### Directions
Pictures are to be excluded. Please print only the lines from the one containing "Lions Detroit Coloring" through the end of the data, exactly as they appear.

╭─ Collected data

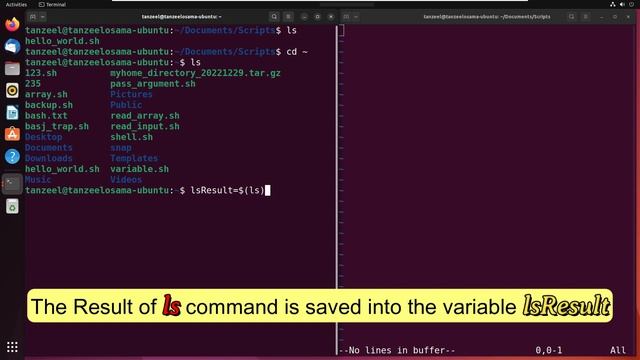 Bash Shell Scripting Tutorial 10 - Command Substitution смотреть онлайн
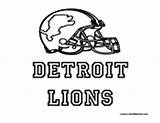 Lions Detroit Coloring Football Pages Nfl Sports Teams Colormegood sketch template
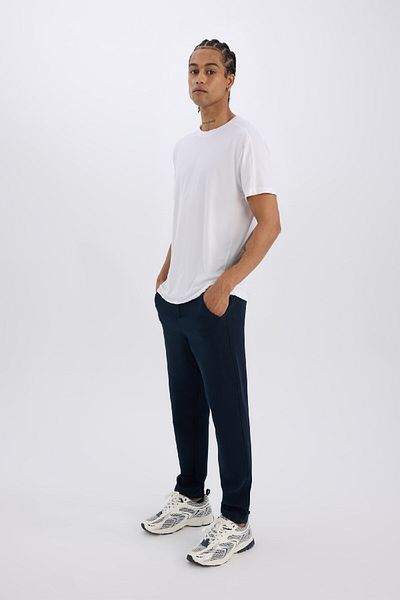 DeFacto Slim Fit Athlete Jogger αθλητική φόρμα Slim Fit Slim Fit Standard με τσέπες στα πόδια ελαστική D1956ax24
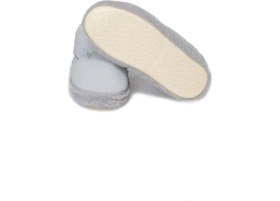 Resim Peluche 2025 Gri Çocuk Ev Ayakkabısı Panduf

╰─

### Answer to this problem
 Lions Detroit Coloring Football Pages Nfl Sports Teams Colormegood sketch template
 DeFacto Slim Fit Athlete Jogger αθλητική φόρμα Slim Fit Slim Fit Standard με τσέπες στα πόδια ελαστική D1956ax24
 Resim Peluche 2025 Gri Çocuk Ev Ayakkabısı Panduf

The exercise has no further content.